Because the research program was in place, Foil was able to collect data on the cattle and captive deer at the research station last year. “We’re shedding new light on that particular subject,” he said. “But science is slow; science is methodical; science requires patience.”

LSU AgCenter Chancellor Bill Richardson thanked the Pennington family for their generous support.

“It takes someone with passion to get the job done. The Pennington Foundation is thankful to be a small part,” said William Hodgkins, who spoke at the reception on behalf of Daryl and Mary Pennington and the family foundation.

The Pennington Chair is housed in the Bob R. Jones Wildlife Research Institute, which was formed to further research in the management of wildlife interests at and near the Bob R. Jones-Idlewild Research Station.

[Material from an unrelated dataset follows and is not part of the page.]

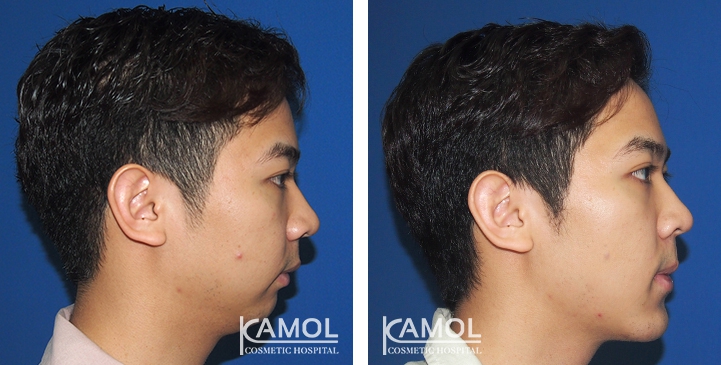 Before and After Genitoplasty, Chin Forward Sliding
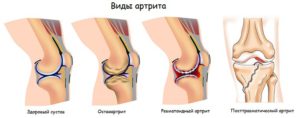 Разновидности коленного артрита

The primary interest of the institute is to focus on problems and seek solutions to those problems that limit, confound or decrease the ability of wildlife to flourish in the Florida parishes as well as throughout Louisiana.

Current research includes work on deer herd health – both wild and captive – upland game-bird management and restoration, forest management for wildlife and environmental manipulation for wildlife.

The institute’s goal is to provide science-based information wildlife enthusiasts, private landowners, corporate landowners and others in the area wildlife and habitat management. The mission is to use applied scientific methodology to solve problems faced by wildlife managers and other interested parties in the state of Louisiana.

“We need your support and enthusiasm,” Ann Reiley Jones told the audience at the reception. “And we need the LSU AgCenter.”

Jones is a member of the institute’s board and the daughter of Bob R. Jones, after whom the research station and institute are named.

Approximately 29 percent of Louisiana’s available land is leased for hunting, and hunting leases have tripled in the past 15 years, giving rural timber owners an immediate source of income.

AgCenter administrators also say game ranching in Louisiana is flourishing – with 250 licensed white-tailed deer farmers and 30,000 acres behind high fences for such purposes. Since 2001, the number of licensed deer farmers has increased by 140 percent and fenced acres have increased 400 percent.

Such game farming enterprises were among the connections that led to the donation to the AgCenter, said Dearl Sanders, resident coordinator at the research station.

“The driving force behind the donation was Daryl Pennington, grandson of C.B. and Irene Pennington,” Sanders said. “He is a strong supporter of wildlife research, being an avid hunter and fisherman.”